### [Prompt]
Word for word, please restate the line that contains "Rains Gray Fishtail" and all lines after it through the end of the material, minus the pictures.

### [Data shown]
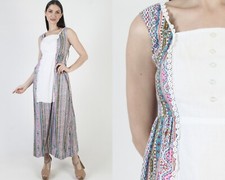 Vtg 70s Liberty House Hawaii Dress Luau Cotton Tiki Party Geometric Sundress
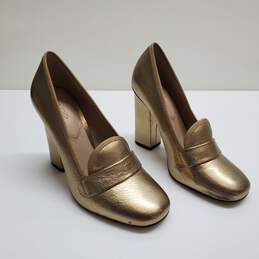 Aldo Gold Metallic Chunky Heel Sz 6
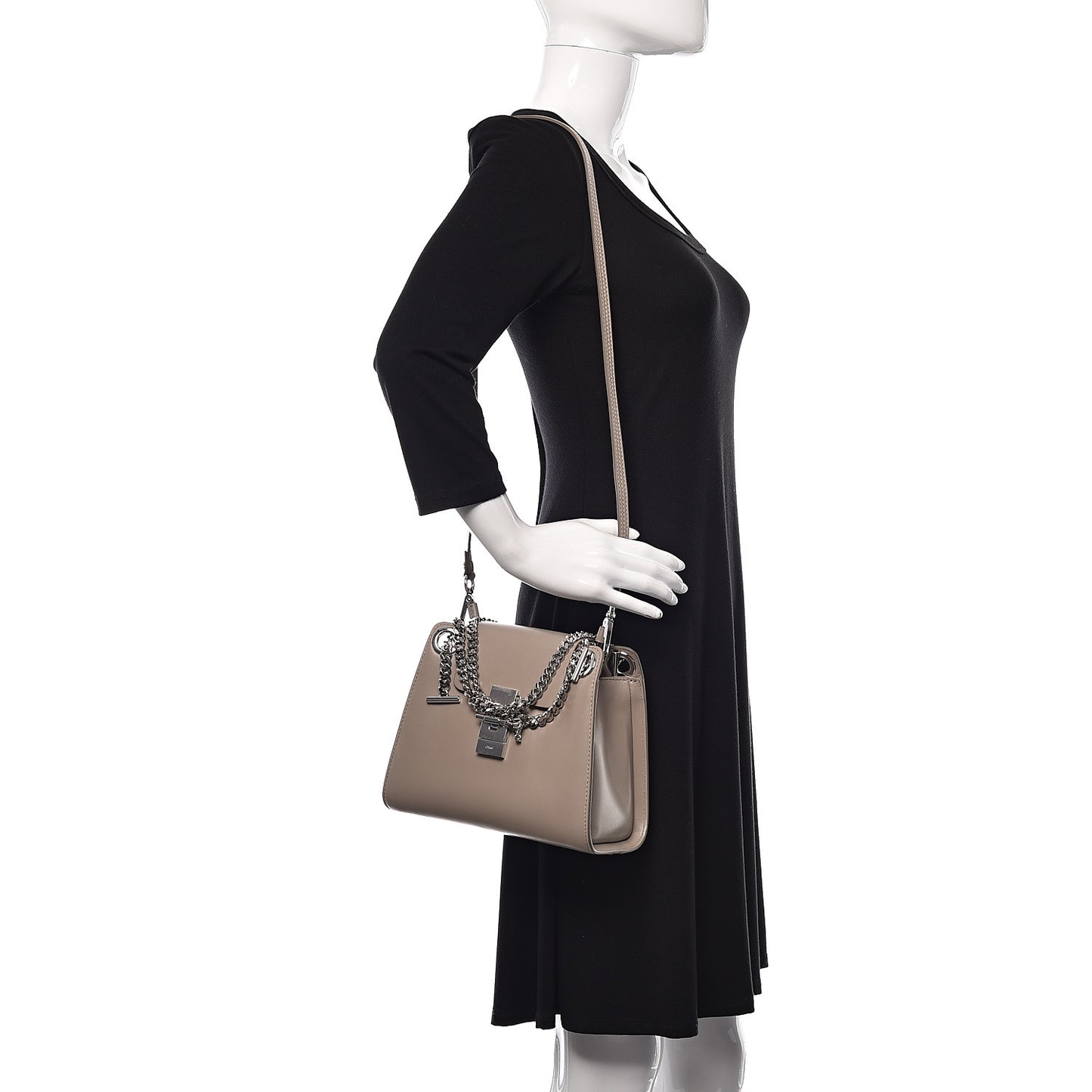 Shiny Calfskin Mini Annie Shoulder Bag Motty Grey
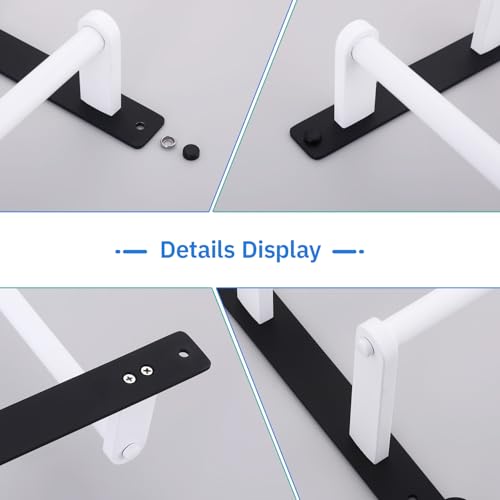 Bathroom Double Towel Rack with Hooks, 18-Inch Towel Bar - Stainless Steel Wall Mounted Towel Holder, White & Black - color: Black & White, size: 18-Inch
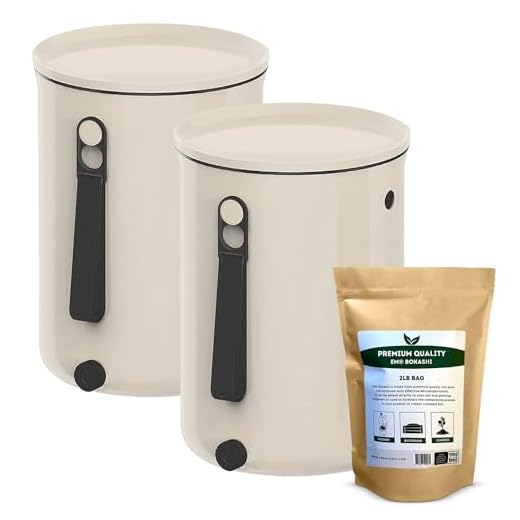 TeraGanix Organko Odor Free Compost Bins, Indoor Compost Starter Kit w/ 2 Lbs Bokashi Bran, Countertop Kitchen Compost Bin, Airtight Seal, Spigot, Dishwasher Safe (Cream, 2 Units)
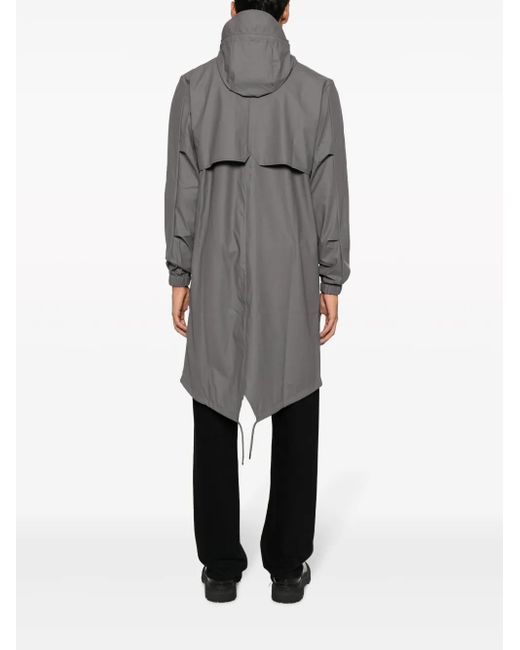 Rains Gray Fishtail Drawstring-Hood Coated Parka for men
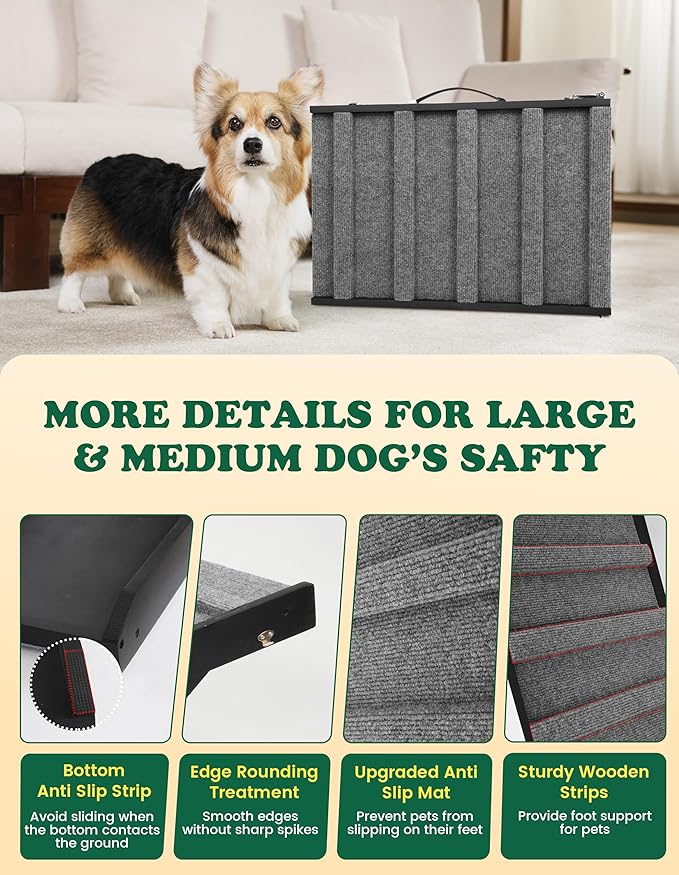 Dog Ramp Dog Stairs for Large Dogs Foldable Dog Ramp with 5 Adjustable Heights from 13.98'' to 27.56" Wood Pet Ramp with Non Slip Carpet Portable Puppy Ramp for Couch, Sofa, Bed, Car (Black)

### [Solution to this task]
 Rains Gray Fishtail Drawstring-Hood Coated Parka for men
 Dog Ramp Dog Stairs for Large Dogs Foldable Dog Ramp with 5 Adjustable Heights from 13.98'' to 27.56" Wood Pet Ramp with Non Slip Carpet Portable Puppy Ramp for Couch, Sofa, Bed, Car (Black)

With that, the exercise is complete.